34 300 A Vaststelling van de begrotingsstaat van het Infrastructuurfonds voor het jaar 2016

Nr. 56 BRIEF VAN DE MINISTER VAN INFRASTRUCTUUR EN MILIEU

Aan de Voorzitter van de Tweede Kamer der Staten-Generaal

Den Haag, 15 december 2015

Bij brief van 22 juni 2015 (Kamerstuk 34 000 A, nr. 65) heb ik uw Kamer nader geïnformeerd over de situatie en bestuurlijke afspraken over de bediening van de sluizen en bruggen per regio en met name over de resultaten van het gevoerde overleg over de situatie in de kop van Overijssel en de Twente kanalen.

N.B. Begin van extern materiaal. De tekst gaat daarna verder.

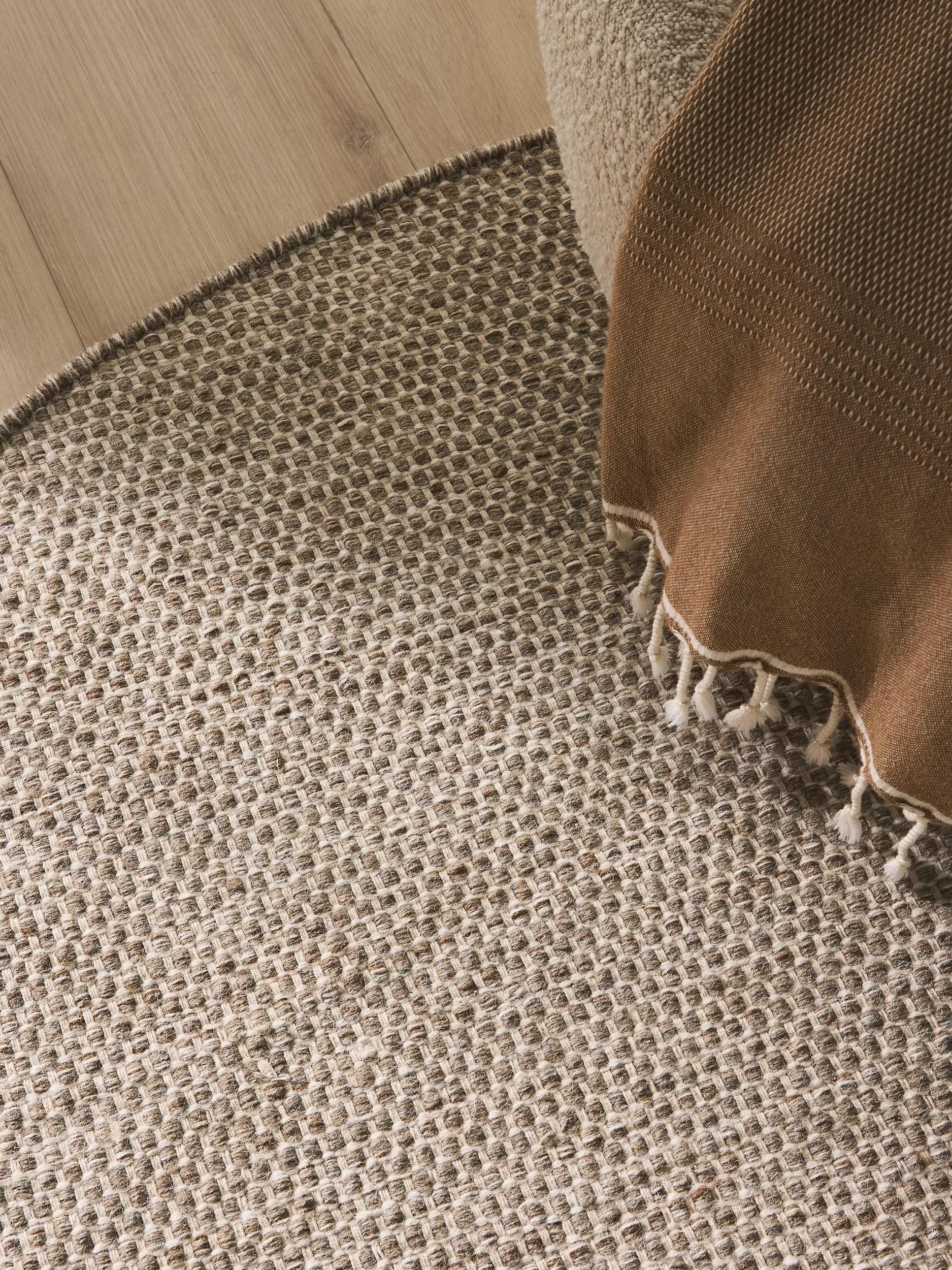 benuta Wollteppich Rocco, rund, Höhe: 5 mm, Teppich Wohnzimmer, Schlafzimmer, Esszimmer, Flur, Kunstfaser, Cozy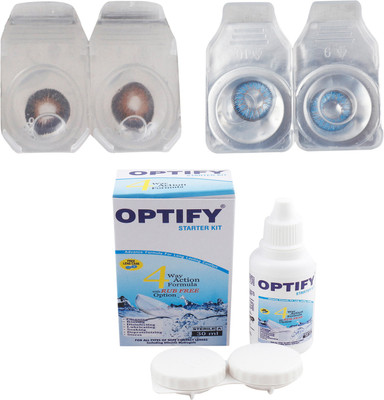 

Optify Combo Pack Monthly Color Contact Lens with Kit (OP-196-Brown-Blue-2) Monthly Contact Lens(1, Brown-Blue, Pack of 2)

Ook heb ik u geïnformeerd over de eerste opgedane ervaringen met het versoberde bedieningsregiem dat per 1 januari 2015 is ingevoerd. Tot slot heb ik in genoemde brief ook aangegeven de Kamer nog voor het eind van dit jaar nader te informeren over het eerder toegezegde vergezicht op de bediening van de sluizen en bruggen.

Met bijgevoegde leidraad «Toekomstperspectief bediening, sluizen en bruggen»1 geef ik invulling aan deze toezegging.

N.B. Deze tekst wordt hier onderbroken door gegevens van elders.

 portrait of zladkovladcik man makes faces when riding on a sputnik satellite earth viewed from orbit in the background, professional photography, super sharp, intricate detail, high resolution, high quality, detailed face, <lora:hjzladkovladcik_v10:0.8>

Dit Toekomstperspectief is opgesteld aan de hand van de bijdragen van medeoverheden, andere vaarwegbeheerders en de branche organisaties, alsmede het gevoerde (bestuurlijke) overleg met de regio’s van de afgelopen periode.

In de leidraad zijn tevens de eerder gemaakte bestuurlijke afspraken uit 2013 en begin 2014 met de provincies Limburg en Brabant, over de bedientijden in de komende jaren, verwerkt, alsmede de afspraken van medio dit jaar over de Kop van Overijssel en de Twentekanalen.

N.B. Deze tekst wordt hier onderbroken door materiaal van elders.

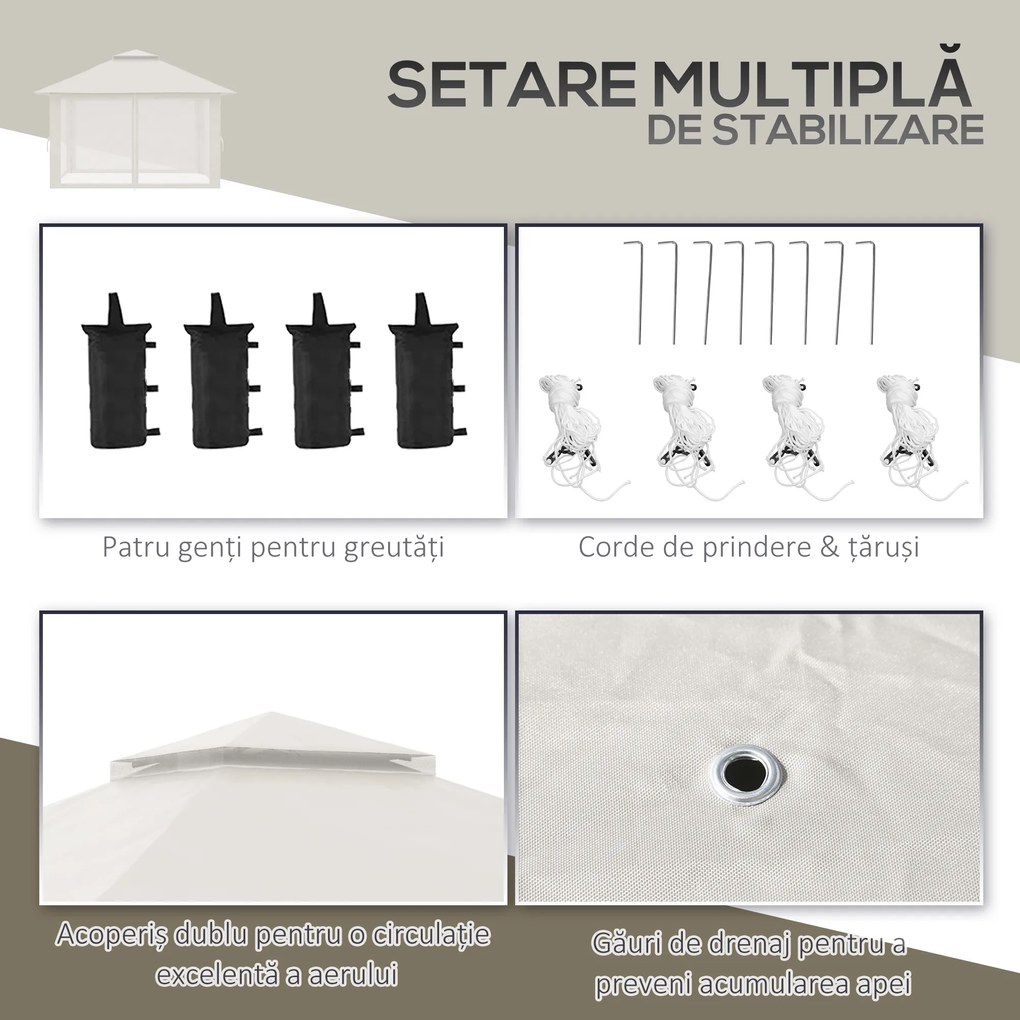 Outsunny Pavilion Pliabil Pop-Up 4x4 m cu Înălțime Reglabilă pe 3 Niveluri, Pavilion Exterior cu Plasă de Țânțari, Saci de Nisip, Geantă de Transport, UV50+, pentru Grădină Camping Petreceri, Crem | Aosom Romania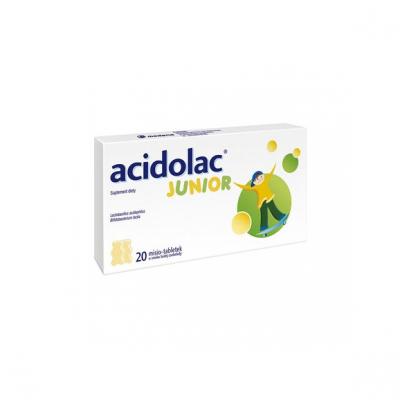 Acidolac Junior, misio-tabletki, o smaku białej czekolady, 20 szt., KRÓTKA DATA - [30.04.2021]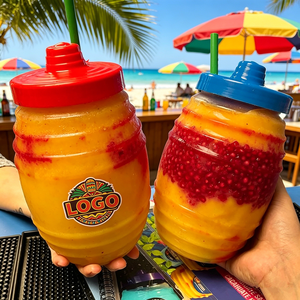 Aguas Frescas Personalizadas Calientes de 16 oz y 32 oz, Bebidas de Verano Estilo Americano, Mini Barril con Tapa y Pajita, Set de Bebidas para Fiestas - Product Image 2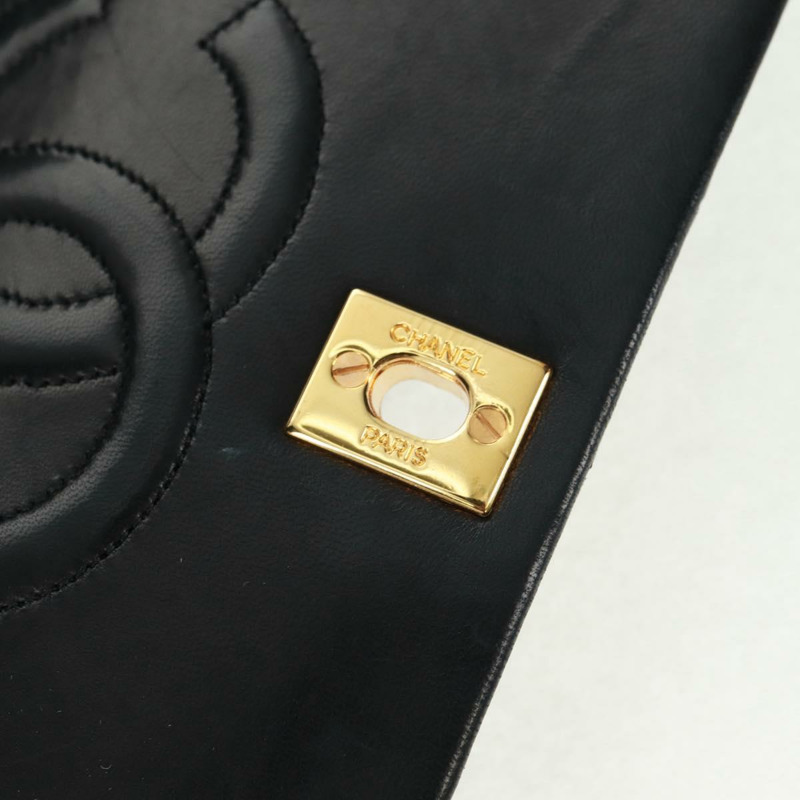 【日本直送】香奈兒 (CHANEL) 絎縫鏈條單肩包,羊皮材質,黑色,金色雙C標誌,貨號 157515SM-7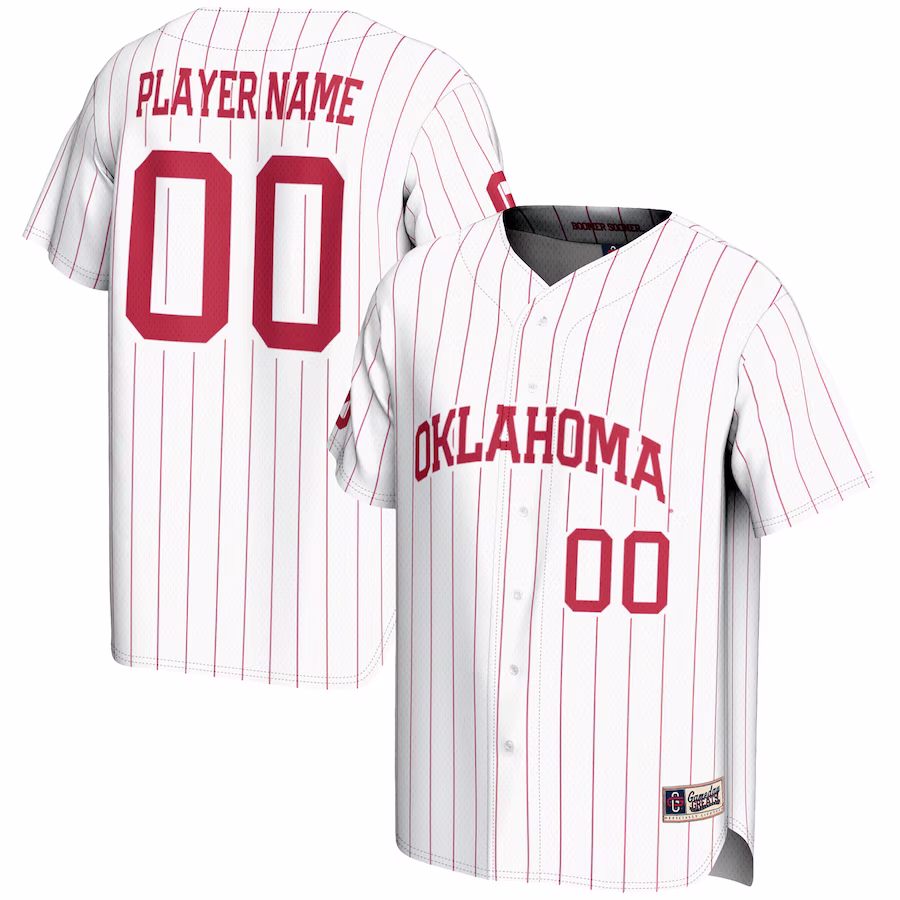 Oklahoma Sooners GameDay Greats NIL Pick-A-Player Lightweight Baseball Jersey - White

Het Toekomstperspectief dient gezien te worden als een leidraad voor een gezamenlijke nadere uitwerking met de medeoverheden, de andere vaarwegbeheerders, de binnenvaartsector en het vervoerend en verladend bedrijfsleven, om in de komende jaren te komen tot een robuust bediend vaarwegennet, waarbij op een effectieve en efficiënte wijze gebruik gemaakt kan blijven worden van het vaarwegennet.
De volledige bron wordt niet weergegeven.